While searching for the logic to justify the outpour of emotion, my thoughts were drawn to the last six months. This has been a massive turning point in my life, I have surrendered to a vast amount of un-conditioning and recognition of ego, endeavouring to relinquish the controls of life that have kept me in a state of unhappiness. Although many personal barriers have come down, some are still raw and painful; a result of life’s dramas perpetually grinding me down over a long period of time has had a forceful effect. Though I believe l have opened my heart significantly in communication and participation, I have yet to open fully to the intimacy of touch. For me to be touched especially with kindness automatically presents fear, the fear my body will fully expose the depths of pain that have never been expressed and remain wedged between a rock and a hard place. While I am aware this will be a good release with cathartic benefits, regrettably the emotion of fear has more power over me.

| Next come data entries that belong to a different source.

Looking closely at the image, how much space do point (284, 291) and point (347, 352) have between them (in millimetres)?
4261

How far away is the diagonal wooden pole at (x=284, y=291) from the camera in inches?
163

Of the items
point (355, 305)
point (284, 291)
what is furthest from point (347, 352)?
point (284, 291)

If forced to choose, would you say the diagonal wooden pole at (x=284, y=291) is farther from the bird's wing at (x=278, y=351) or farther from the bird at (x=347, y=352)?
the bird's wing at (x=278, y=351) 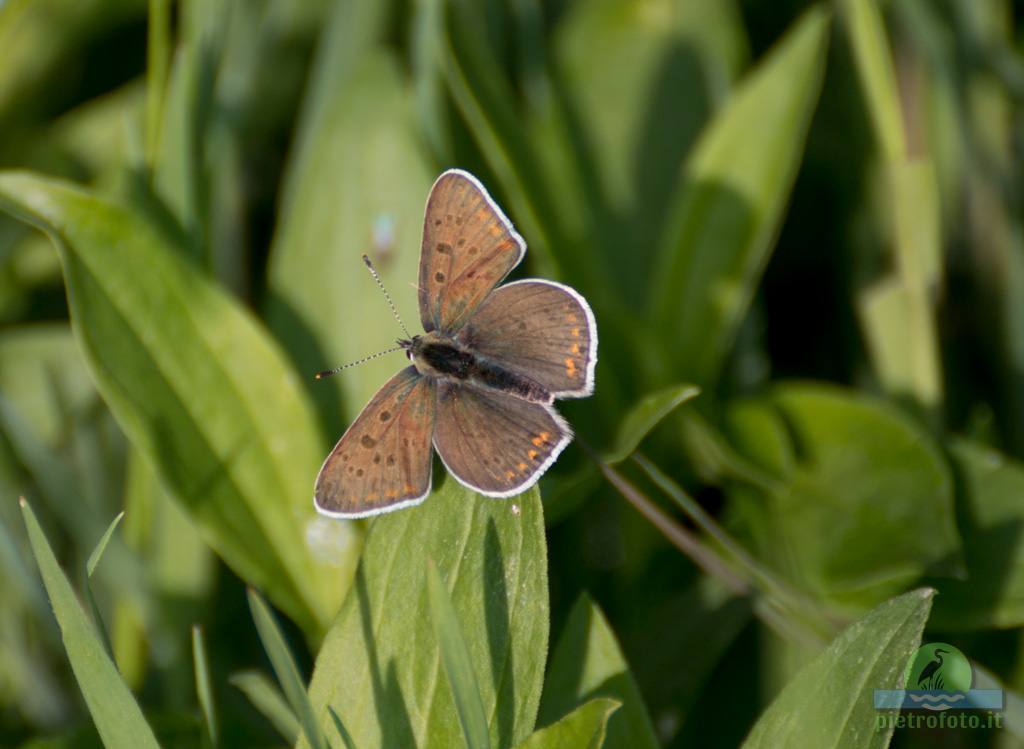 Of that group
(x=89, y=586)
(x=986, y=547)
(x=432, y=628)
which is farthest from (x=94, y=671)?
(x=986, y=547)

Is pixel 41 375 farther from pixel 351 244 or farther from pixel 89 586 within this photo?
pixel 89 586

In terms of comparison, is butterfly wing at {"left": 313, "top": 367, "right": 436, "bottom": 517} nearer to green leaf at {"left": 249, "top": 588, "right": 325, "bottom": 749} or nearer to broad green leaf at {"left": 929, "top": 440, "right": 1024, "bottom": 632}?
green leaf at {"left": 249, "top": 588, "right": 325, "bottom": 749}

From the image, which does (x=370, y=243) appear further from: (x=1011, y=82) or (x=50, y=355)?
(x=1011, y=82)

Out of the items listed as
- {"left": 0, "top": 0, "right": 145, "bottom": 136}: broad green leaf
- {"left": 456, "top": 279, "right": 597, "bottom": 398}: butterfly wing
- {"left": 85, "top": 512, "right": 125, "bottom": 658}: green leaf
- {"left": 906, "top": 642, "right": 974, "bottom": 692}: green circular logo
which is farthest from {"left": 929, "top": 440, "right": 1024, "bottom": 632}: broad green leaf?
{"left": 0, "top": 0, "right": 145, "bottom": 136}: broad green leaf

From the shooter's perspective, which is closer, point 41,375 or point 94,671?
point 94,671

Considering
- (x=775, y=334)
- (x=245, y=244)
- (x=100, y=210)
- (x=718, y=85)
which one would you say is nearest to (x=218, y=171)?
(x=245, y=244)

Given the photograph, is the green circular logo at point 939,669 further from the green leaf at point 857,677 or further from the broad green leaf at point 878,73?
the broad green leaf at point 878,73

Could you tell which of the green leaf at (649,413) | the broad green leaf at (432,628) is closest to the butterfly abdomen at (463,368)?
the green leaf at (649,413) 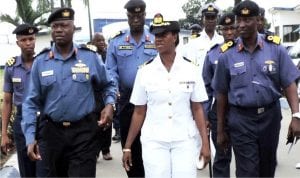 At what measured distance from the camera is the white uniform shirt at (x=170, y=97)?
441 centimetres

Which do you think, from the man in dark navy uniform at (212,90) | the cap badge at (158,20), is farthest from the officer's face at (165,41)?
the man in dark navy uniform at (212,90)

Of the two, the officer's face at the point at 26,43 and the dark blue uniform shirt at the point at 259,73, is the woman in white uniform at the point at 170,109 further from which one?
the officer's face at the point at 26,43

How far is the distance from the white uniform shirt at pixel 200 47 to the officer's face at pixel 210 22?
10 cm

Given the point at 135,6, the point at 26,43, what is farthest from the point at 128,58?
the point at 26,43

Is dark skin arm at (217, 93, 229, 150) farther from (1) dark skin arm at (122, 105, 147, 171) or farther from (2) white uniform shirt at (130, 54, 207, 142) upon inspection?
(1) dark skin arm at (122, 105, 147, 171)

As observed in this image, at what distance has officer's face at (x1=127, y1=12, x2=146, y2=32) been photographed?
228 inches

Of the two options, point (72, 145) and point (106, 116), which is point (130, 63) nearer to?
point (106, 116)

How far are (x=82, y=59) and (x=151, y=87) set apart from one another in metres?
0.74

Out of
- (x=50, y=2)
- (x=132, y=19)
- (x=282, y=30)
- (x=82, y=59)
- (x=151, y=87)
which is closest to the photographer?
(x=151, y=87)

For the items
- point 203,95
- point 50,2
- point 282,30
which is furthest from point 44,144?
point 282,30

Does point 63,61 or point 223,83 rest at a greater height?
point 63,61

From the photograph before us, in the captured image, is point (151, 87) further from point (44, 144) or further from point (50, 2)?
point (50, 2)

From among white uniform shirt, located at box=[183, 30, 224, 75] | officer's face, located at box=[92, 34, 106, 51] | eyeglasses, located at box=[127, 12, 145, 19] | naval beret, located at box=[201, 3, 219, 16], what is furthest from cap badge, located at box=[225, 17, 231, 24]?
officer's face, located at box=[92, 34, 106, 51]

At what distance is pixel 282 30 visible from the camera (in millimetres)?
46344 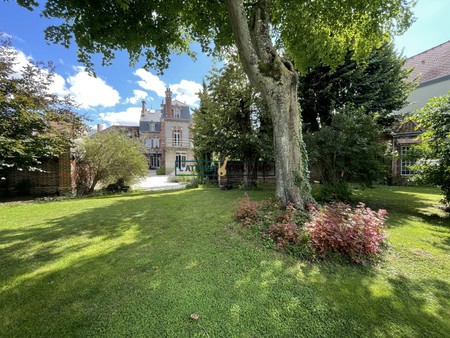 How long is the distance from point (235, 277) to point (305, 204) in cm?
289

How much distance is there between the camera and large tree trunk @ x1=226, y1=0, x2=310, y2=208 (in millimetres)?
4668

I know the day will come, I will have no choice but to let go. I look forward to it.
When I let go of what I am, I become what I might be
Our friend is not the first who experienced uncontrollable tears after yoga/meditation. Many have shared similar experiences during or after such activities and been taken aback by the uncontrollable nature of their tears. Although in some cases there is relief, some experience panic as they don’t understand what is happening.
I read that in the Academy Award-winning animated film Spirited Away, a little girl gets lost in an abandoned theme park. She is befriended by a boy who gives her a cake and says it will give her back her strength. When she eats it, she starts crying. Yoga and meditation are similar to that cake in that they are meant to give you your power back, your power being your breath! When you feel that inner strength bubbling up, finding freedom in breathing – before recognizing what’s happening, your armours are down and tears / memories that were held back, released. It is in the inner safety that is deeply felt that the tears are allowed to show. It is also a sign of great relief after holding on to lots of tension inside. Unless it’s understood, the intensity of the release and the letting go of the guard can bring out fear and panic – is it safe to feel safe?
In our friend’s case, yoga and meditation had already relaxed the armour. The prospect of an affectionate touch through massage that said ‘it’s OK’, ‘it’s all OK’, ‘you are loved and understood’, deepened the experience and released long held tears and fears. Tears that further melted the hard shield protecting deep vulnerability and sense weakness.
Can we really expect to discover our true strength without allowing our vulnerability, weakness and fear to surface? Would courage be called courage if fear wasn’t in the equation. As long as we’re spending our energy hiding our own vulnerability, weakness and fear we won’t have the energy to face and rise above them. The ability to cry, to recognize fear and weakness are the first steps towards remembering inner courage and strength.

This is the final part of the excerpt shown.